Tax Officer Shortage Sees Indonesia Miss Out On $27 Billion Annually

December 13, 2013Indonesiaby EW News Desk Team


Indonesia is losing up to 320 trillion rupiahs ($26.6 billion) a year in tax receipts due to a significant shortage of available tax officers, the Jakarta Globe reported on Friday, with the government’s tax collection agency hoping to hire at least 2,500 new personnel next year.

According to Fuad Rahmany, the Finance Ministry’s director general of taxation, the tax office presently employs 31,316 officers to watch over 24.8 million registered taxpayers.

This means that one Indonesian tax officer will have to serve 7,700 people, the highest ratio among OECD-profiled countries, compared to a 1:727 ratio in Germany, 1:1,000 in Australia; and 1:1,818 in Japan.

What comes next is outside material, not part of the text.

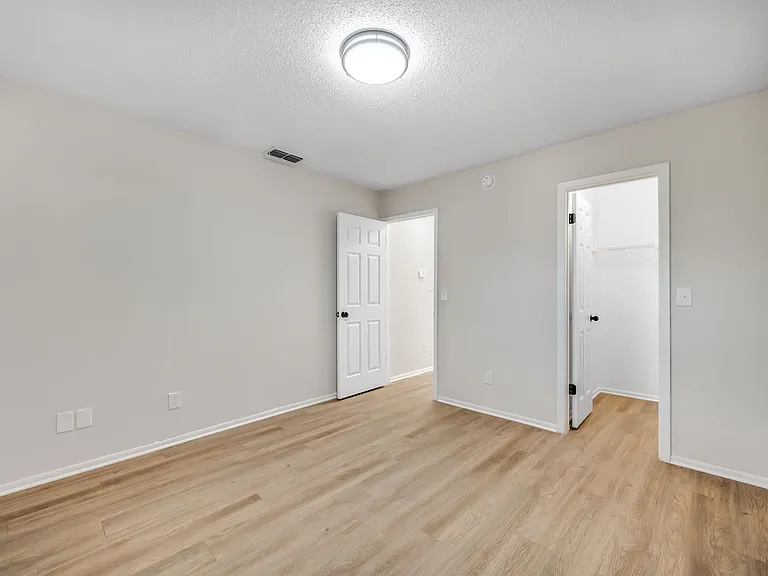 13060 Leverington St — Photo 18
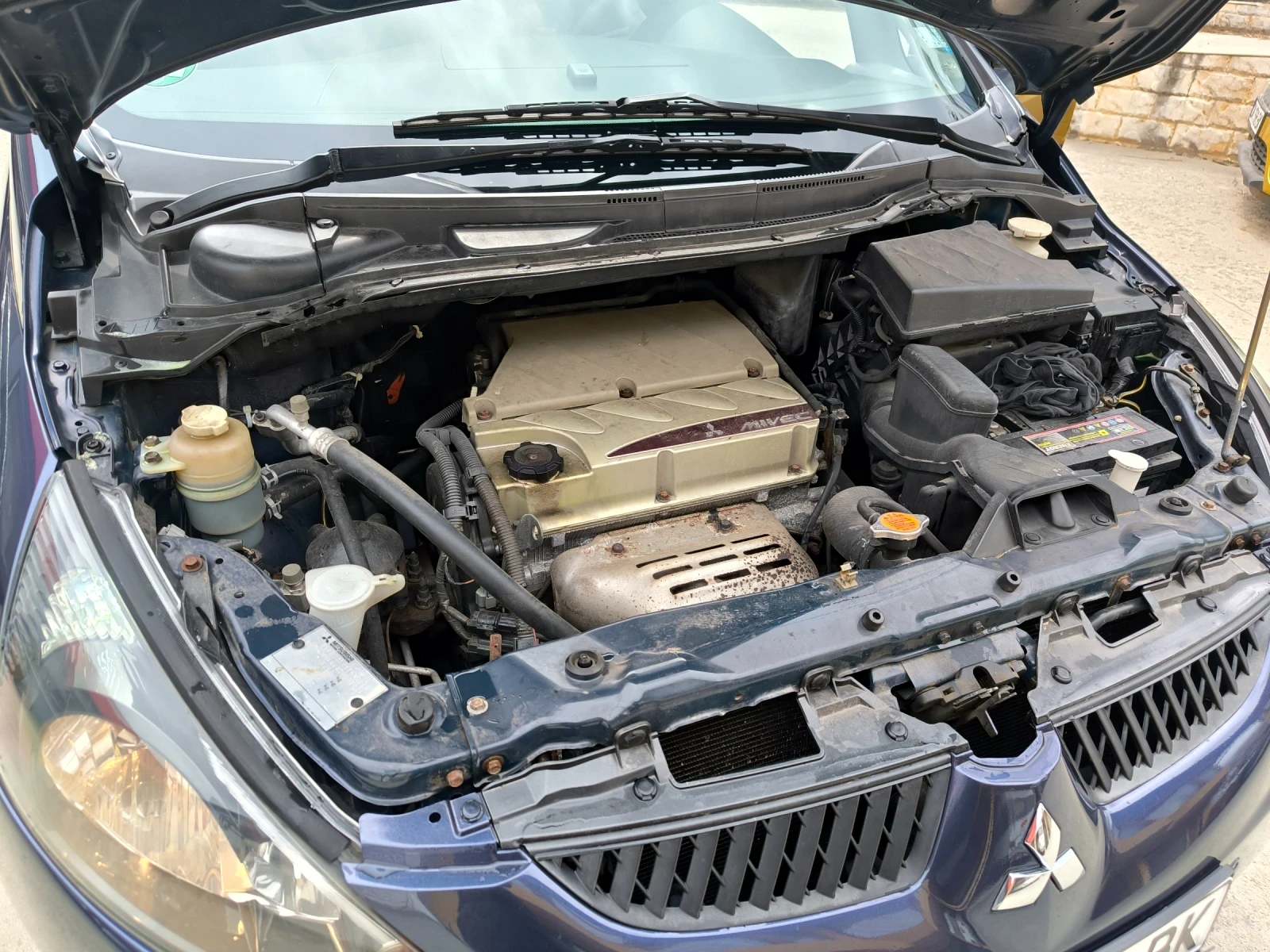 Mitsubishi Grandis 2, 4 MIVEC, снимка 5 - Автомобили и джипове - 53923862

The growing number of retailers and small and medium businesses also makes the job harder for the tax office, which has to choose to allocate its limited human resources to monitor the biggest taxpayers, such as mining companies.

“That is the risk of being dependent on those tradable sectors,” Fuad said at an editors’ conference in Jakarta on Wednesday night.

“But that is the choice we have to make with the resources at hand,” he added.

Fuad claimed that the tax office had collected just 81 percent of its revenue target for this year, despite an improvement in its internal procedures, tax officer productivity and information technology.

“But there is a limit that IT can do. You cannot expect to confront people using IT, which is exactly why Germany and Japan employ so many tax officers,” Fuad said.

Presently, a single rupiah spent on collecting taxes can net 184 billion rupiahs in tax revenue, compared to Rp 139 billion four years ago. Each tax officer yielded 32 billion rupiahs, from 17 billion rupiahs four years ago.

Related: Indonesian Tax Collectors To Undergo “Disciplinary Training” From Military

Related: Indonesia’s Rating Outlook Lowered Due To Stalled Reforms

Related: Can Indonesia Raise Incomes And Eradicate Poverty By 2030?

The tax office is hiring 2,500 new officers next year, but this is still far short that what it needed, Fuad said. “The math is simple. Add 10,000 more officers, then you can get an additional 320 trillion rupiahs annually,” he claimed.

All government recruitment is being handled by the State Administrative Reform Ministry, which has only allocated 6,000 new positions for all ministries in 2014.

Azwar Abubakar, the administrative reform minister, said in August that the ministry would try to shift some officers from regional governments to the tax office.